Top of ENTRIES SUPPLIED

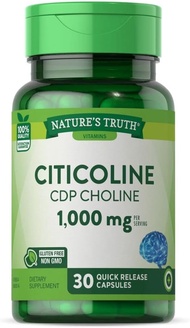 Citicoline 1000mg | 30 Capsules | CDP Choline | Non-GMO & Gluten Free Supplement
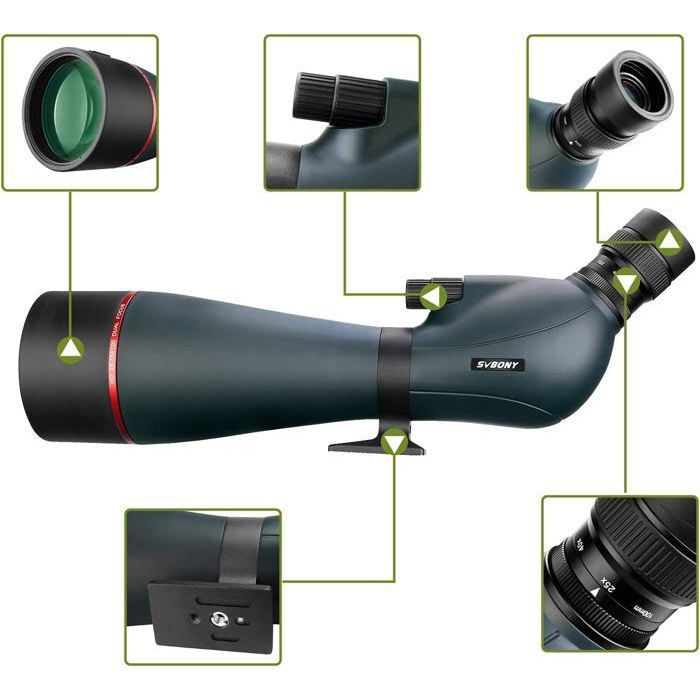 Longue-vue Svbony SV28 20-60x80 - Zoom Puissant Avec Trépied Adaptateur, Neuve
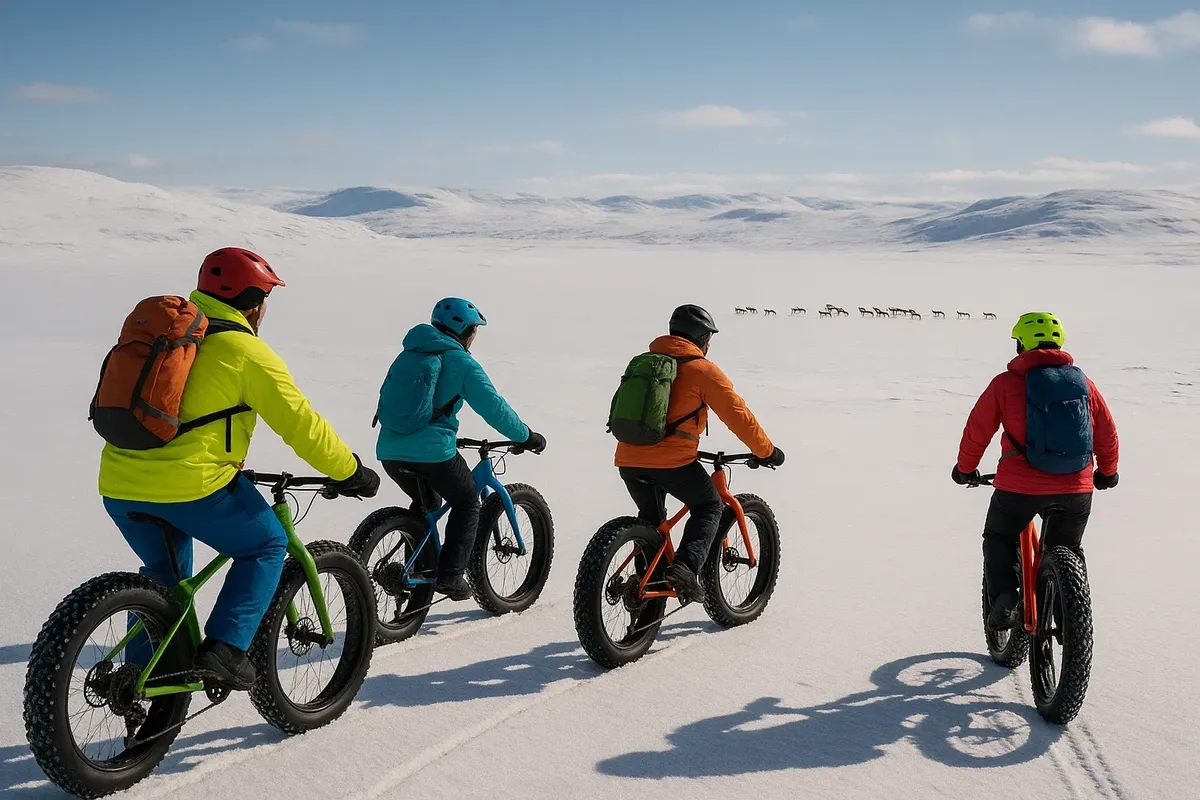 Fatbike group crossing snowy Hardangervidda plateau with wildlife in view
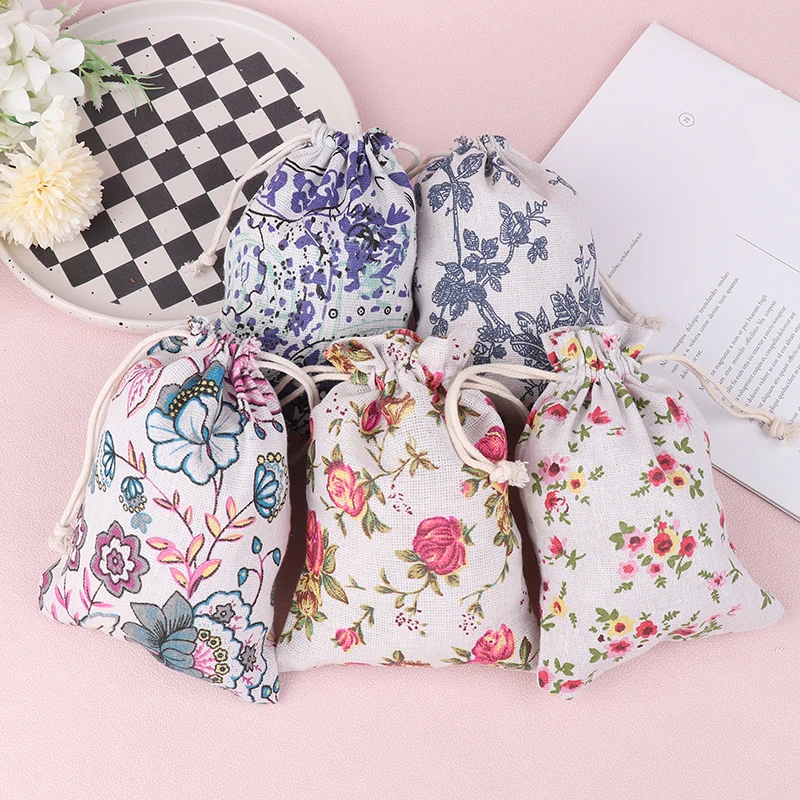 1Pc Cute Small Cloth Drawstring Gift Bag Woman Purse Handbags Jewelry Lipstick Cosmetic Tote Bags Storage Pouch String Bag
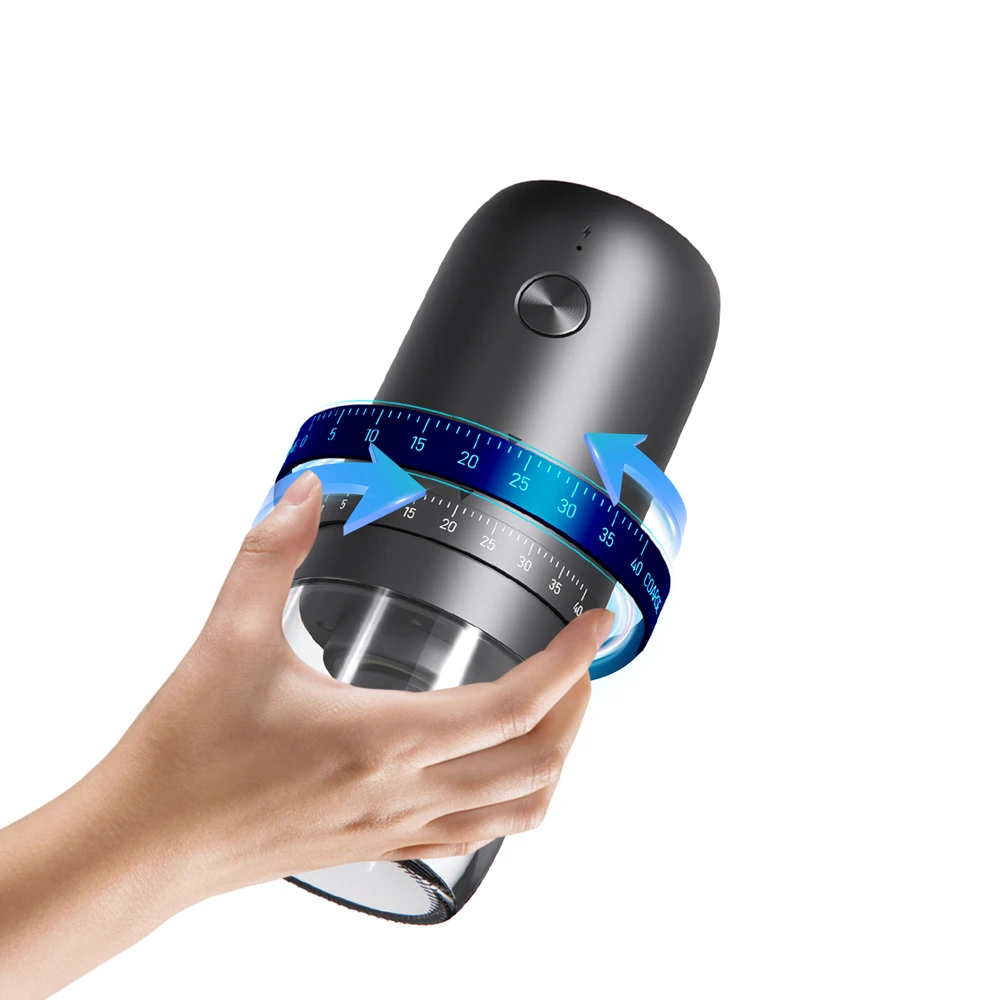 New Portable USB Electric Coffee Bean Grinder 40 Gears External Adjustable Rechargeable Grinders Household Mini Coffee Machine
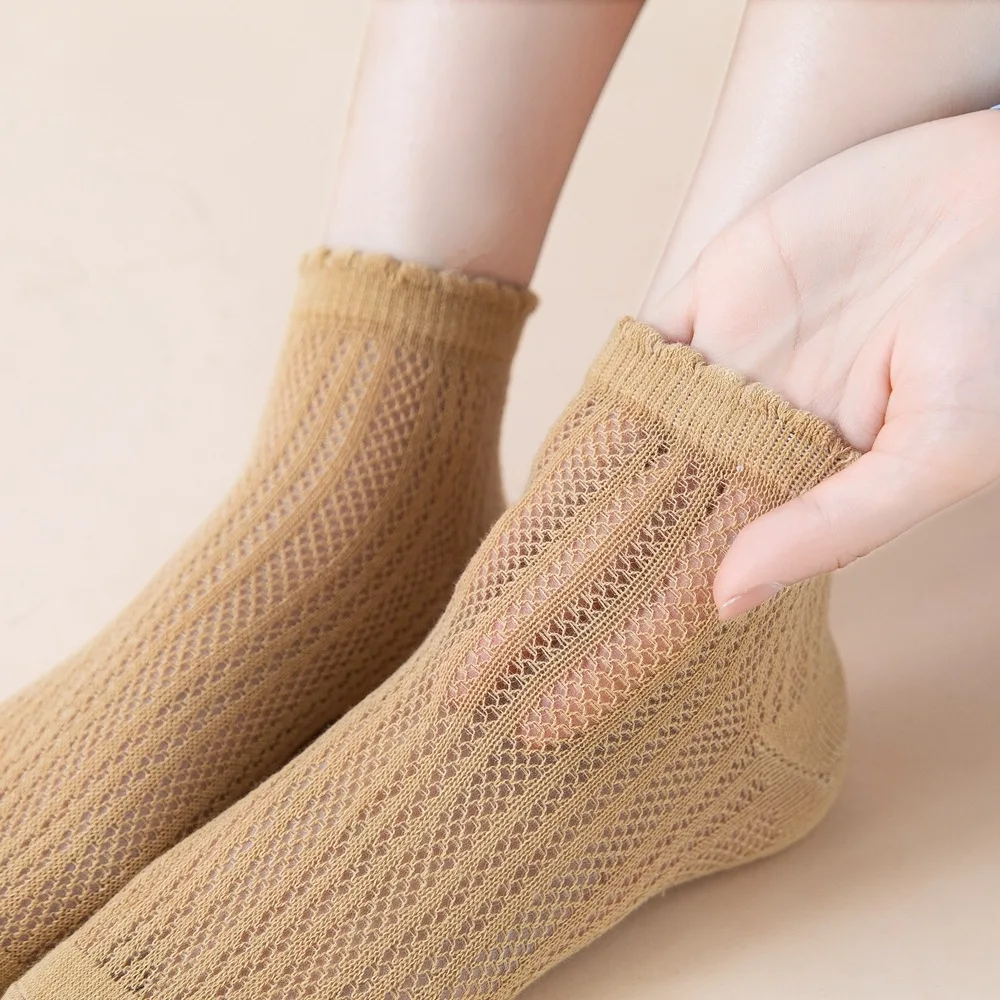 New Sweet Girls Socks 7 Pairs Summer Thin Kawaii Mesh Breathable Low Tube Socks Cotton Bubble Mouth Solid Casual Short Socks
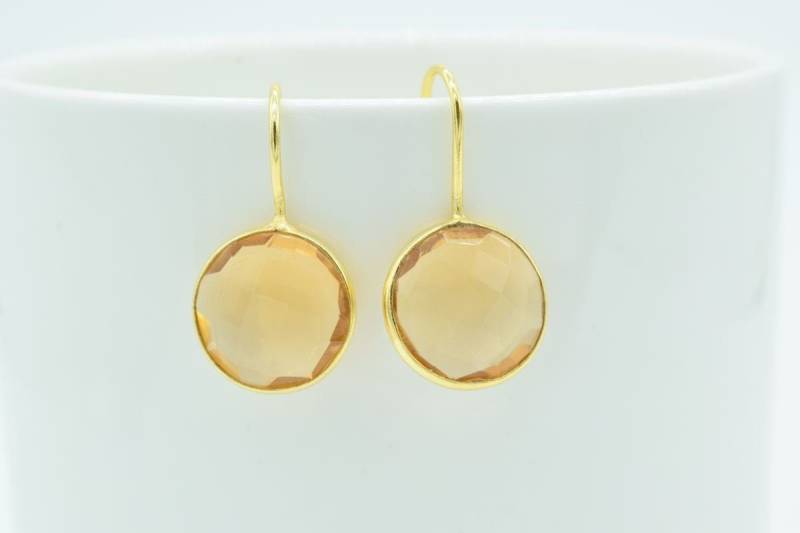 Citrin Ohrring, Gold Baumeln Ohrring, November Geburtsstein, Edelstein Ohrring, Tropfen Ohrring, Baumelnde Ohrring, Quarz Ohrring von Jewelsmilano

Bottom of ENTRIES SUPPLIED

● **TASK INSTRUCTIONS**
Every line above goes into your copy exactly; no images go in.

● **TASK ANSWER**
 Citicoline 1000mg | 30 Capsules | CDP Choline | Non-GMO & Gluten Free Supplement
 Longue-vue Svbony SV28 20-60x80 - Zoom Puissant Avec Trépied Adaptateur, Neuve
 Fatbike group crossing snowy Hardangervidda plateau with wildlife in view
 1Pc Cute Small Cloth Drawstring Gift Bag Woman Purse Handbags Jewelry Lipstick Cosmetic Tote Bags Storage Pouch String Bag
 New Portable USB Electric Coffee Bean Grinder 40 Gears External Adjustable Rechargeable Grinders Household Mini Coffee Machine
 New Sweet Girls Socks 7 Pairs Summer Thin Kawaii Mesh Breathable Low Tube Socks Cotton Bubble Mouth Solid Casual Short Socks
 Citrin Ohrring, Gold Baumeln Ohrring, November Geburtsstein, Edelstein Ohrring, Tropfen Ohrring, Baumelnde Ohrring, Quarz Ohrring von Jewelsmilano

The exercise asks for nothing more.